Gary Faull, co-host of charitable car shows, dies at 75

He was a Marine Corps Reserve veteran, teenage shooting champion and father of six.|

Gary Faull was a go-to guy.

If anyone who’d attended Montgomery or Santa Rosa High in or about 1960 had a question about a fellow alum, Faull was the person to ask.

His wife of 55 years, Carol, said that to their children, grandchildren and great-grandchildren, “he was who they called when they had a problem.”

Gary Faull was generous with his time, too, if anyone wished to tap his experience with fighting cancer, trap-shooting or restoring classic cars.

“My husband really didn’t know a stranger,” said his wife.

Her husband, the Marine Corps Reserve veteran, teenage shooting champion and co-host of annual charitable car shows died May 20 at the age of 75.

A Santa Rosan nearly all his life, Gary Faull retired more than a decade ago as a heavy equipment operator and truck driver.

He was a preschooler when his parents, the late Donald and Rosemary Faull, moved from Illinois to Sonoma County shortly after World War II. One activity the entire family enjoyed was trap shooting.

“They were very good at it,” Carol Faull said. As teens, Gary Faull ?and his brother, Danny, traveled far and wide for shooting competitions. Gary Faull emerged from a 1957 competition as the Grand Pacific Junior Champion.

He attended Santa Rosa High and was among the students who moved to Montgomery when it opened in 1958. He graduated from the new school in 1961.
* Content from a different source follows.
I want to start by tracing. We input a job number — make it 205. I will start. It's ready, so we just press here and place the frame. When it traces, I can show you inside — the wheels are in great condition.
While serving in the Marine Corps Reserve he became a teamster. Through the course of his career he operated heavy equipment for CalTrans and drove trucks for Ghilotti Construction Co.
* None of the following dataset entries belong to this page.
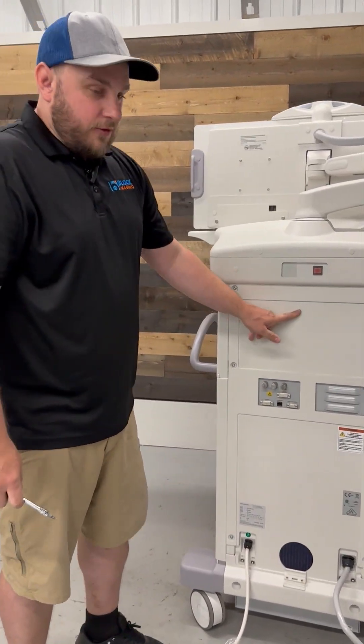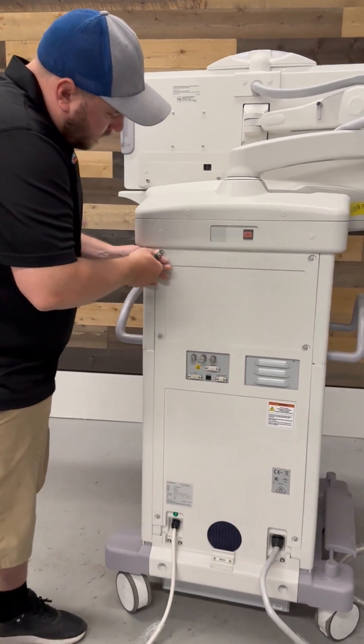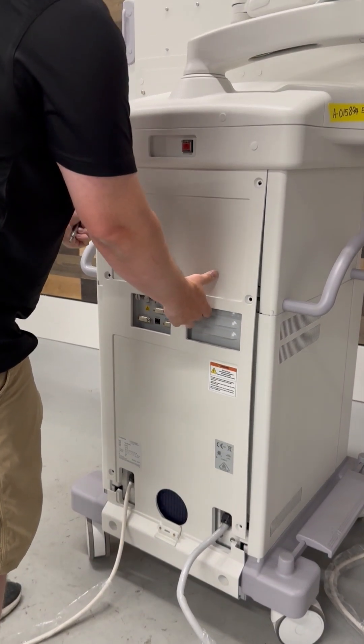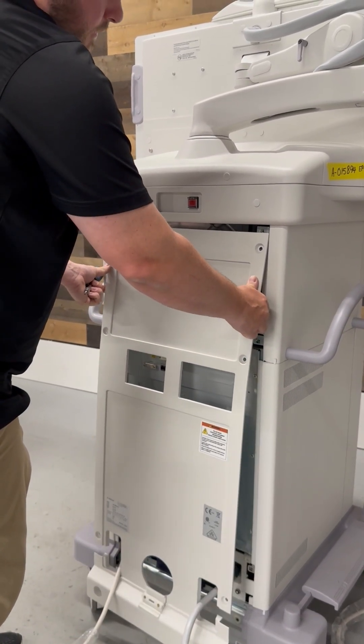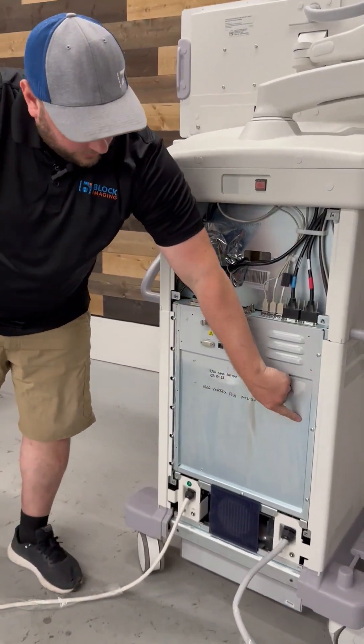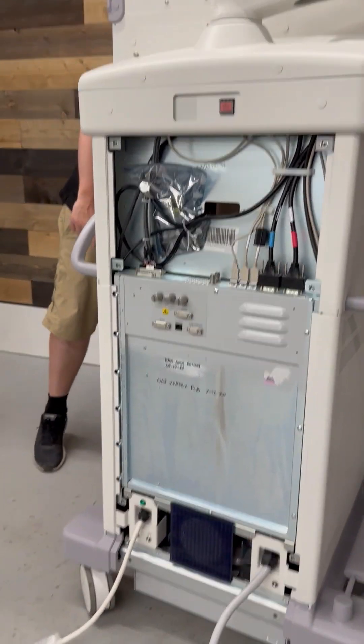First off, what we're going to do is remove this back panel on the workstation. To do that, remove eight screws, kind of flex the top of it out, and pull it off. Now that's going to expose your access panel here inside the workstation.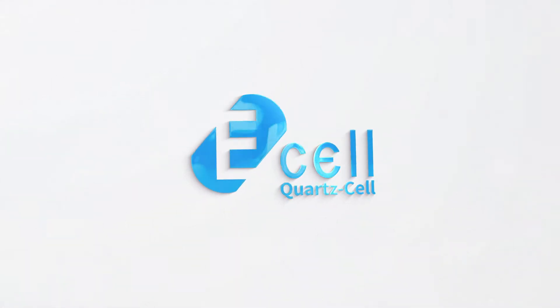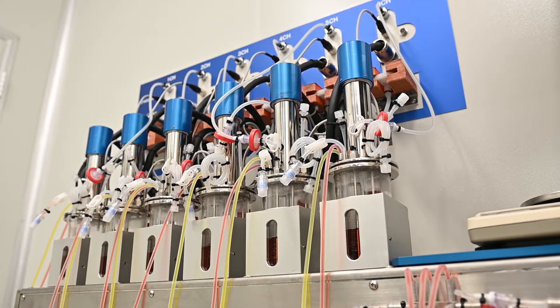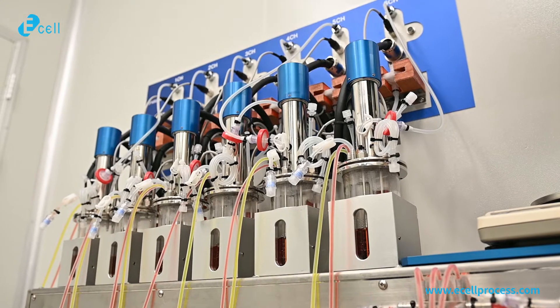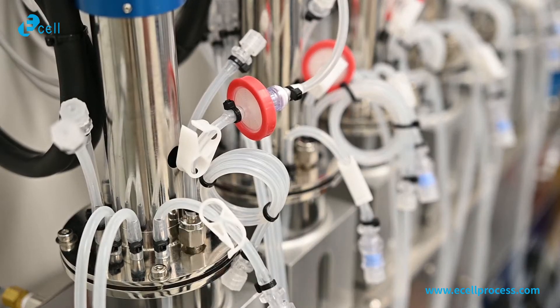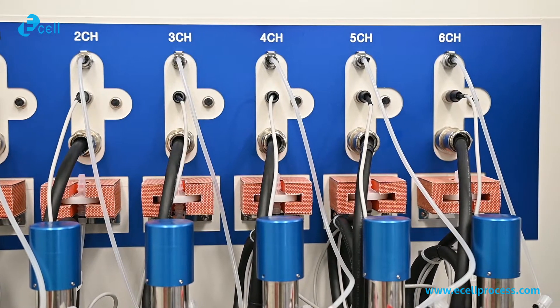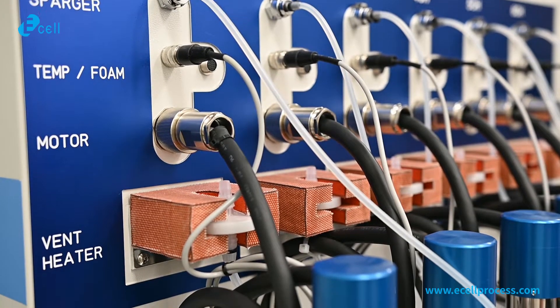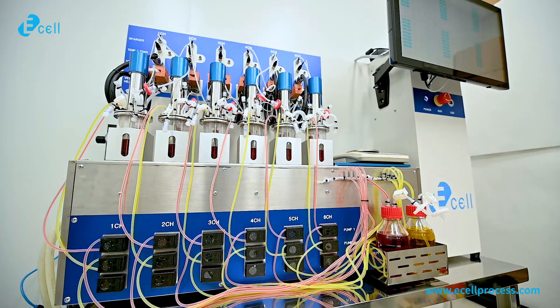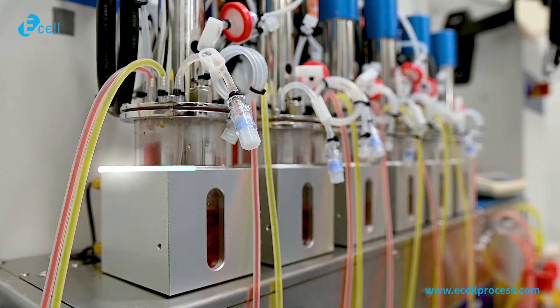We are very glad to announce our newest single-use mini-multi-bioreactor system. Usually, process development stage takes so long time and needs hard attention. To solve those bottlenecks, we developed our new mini-multi-single-use bioreactor system. The E-cell mini-multi-bioreactor system is specially focused on screening, characterization, and optimization with a fast and simple exterior design.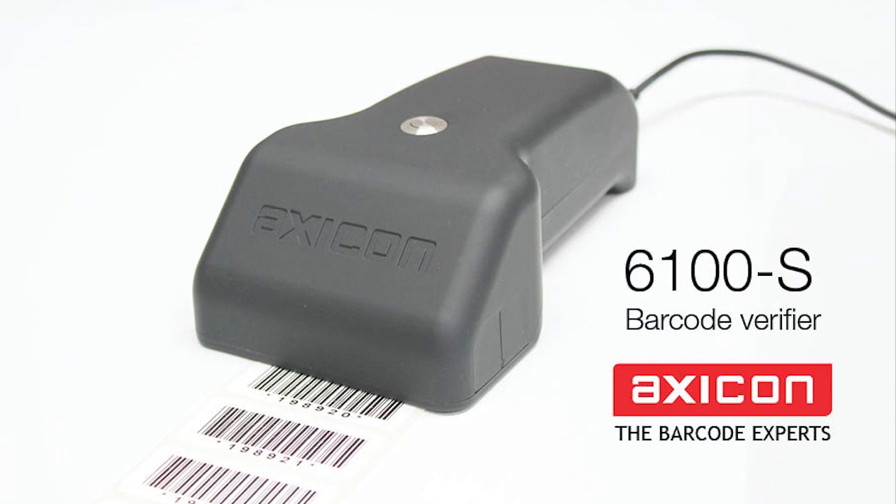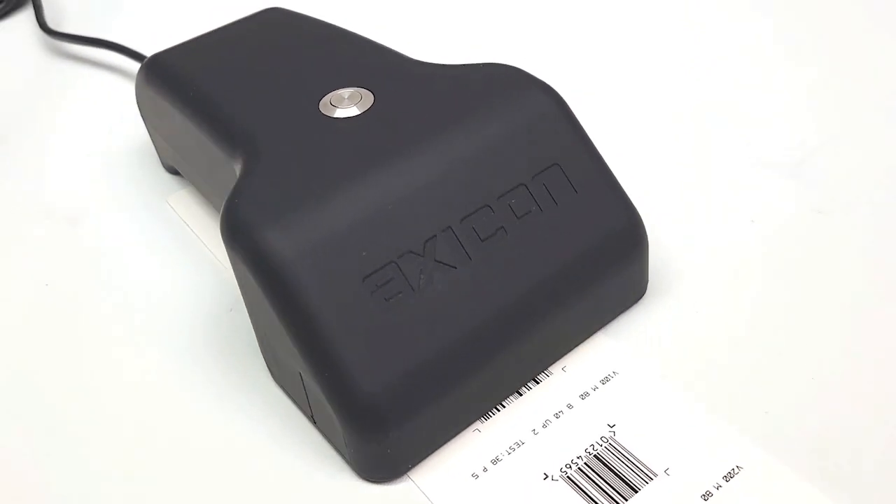Here is the all-new AXICON 6100S Barcode Verifier, the perfect solution for verifying small point-of-sale barcodes.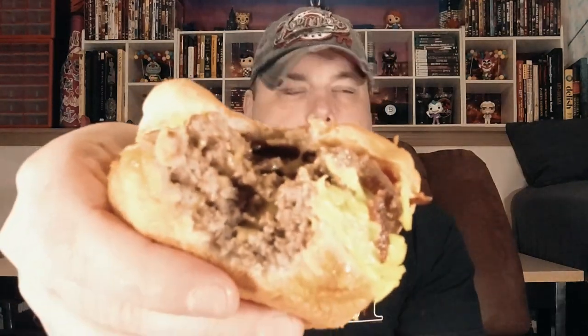Bite number one. As you would expect — meaty, cheesy, hamburgery goodness. Now if you love those flame grilled patties from Burger King, you should absolutely love this because the hamburger flavors here are pretty incredible. Tons of cheese. There's also bacon on this and it just tastes absolutely phenomenal. For five bucks, I don't think you can get any better than this in terms of meatiness and cheesiness.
Highly sociable and eager to be of help to others, Faull kept track of fellow graduates of Montgomery and Santa Rosa High from the late 1950s and early ’60s. “He was kind of the glue that held them together,” his wife said.

Carol Faull said her husband also was instrumental in the lives of all six of their children. “He called them every day, every one of them,” she said.
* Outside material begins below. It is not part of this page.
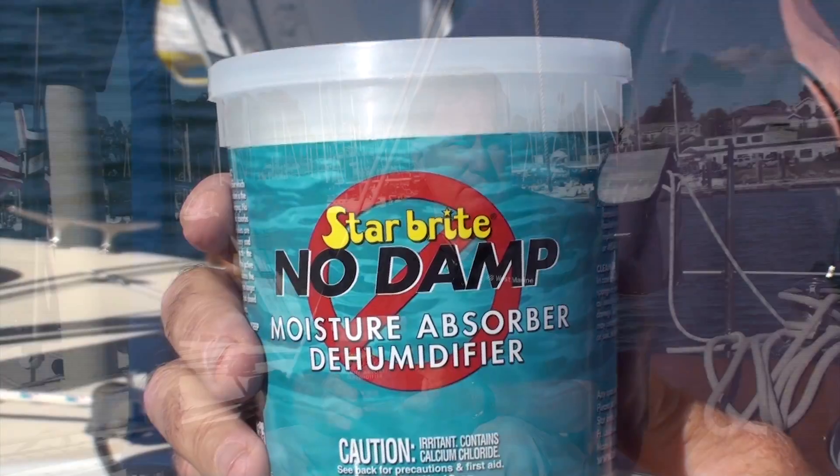The whole system doesn't cost a whole lot, but it can reduce your maintenance bills by getting rid of mold and mildew and that condensation that forms. The No Damp system is available online at westmarine.com and in any of our 300 stores across the country.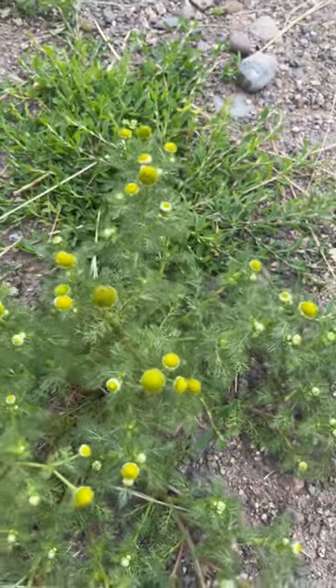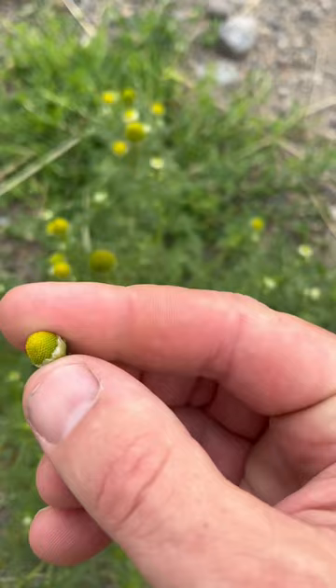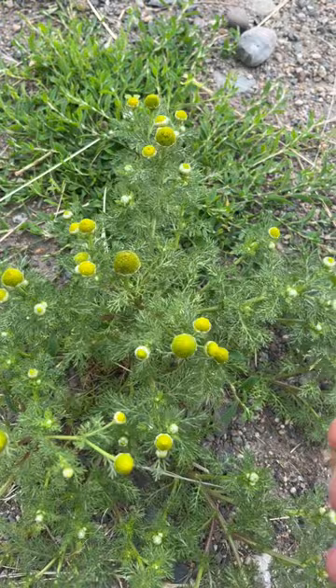This is pineapple weed, and you can tell based on its look but also how it smells. If you crush this with your finger and then smell it, it smells just like pineapples — that's really nice actually.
In recent years, Gary Faull was moved by having lost loved ones to cancer, and by fighting the disease himself, to co-sponsor a benefit car show at one of Santa Rosa’s Sam’s For Play Cafes. He and the cafe’s founder, Sam Anker, donated proceeds from the event to Memorial Hospital or to St. Jude Children’s Research Hospital.

“He was planning one (of the fundraising car shows) in March,” his wife said. “He just wasn’t able to do it.”

Weakened by his long struggle against cancer, Faull seemed to will himself to stay alive to meet two new great-grandchildren, twins. They were born May 13 at the Kaiser Permanente Santa Rosa Medical Center.

He died at home in Santa Rosa one week later.

“The doctors were really amazed that he fought it as long as he did,” his wife said. “He’d tried everything. He fought it to the bitter end, I have to say that.”

Beyond the many people in his life, Faull looked forward to arising each day to spend time with his Labrador retrievers and his 1947 Chevy.

Predeceased by one son, Jason, he is survived by his wife and daughter, Monet McElderry, of Santa Rosa; four sons, Dereck, Shawn and Traves Faull, all of Santa Rosa, and Scott Faull of Klamath Falls, Oregon; eight grandchildren and six great-grandchildren.

A celebration of Faull’s life will be from noon to 3:30 p.m. June 23 at the Santa Rosa Veterans Memorial Building. Carol Faull invites the people who knew and loved her husband to bring along their classic cars and stories that featured Gary Faull.

Memorial contributions are suggested to the Sonoma Humane Society, 5345 Highway 12 West, Santa Rosa 95407, or to St. Jude Children’s Research Hospital, 262 Danny Thomas Place, Memphis, TN 38105.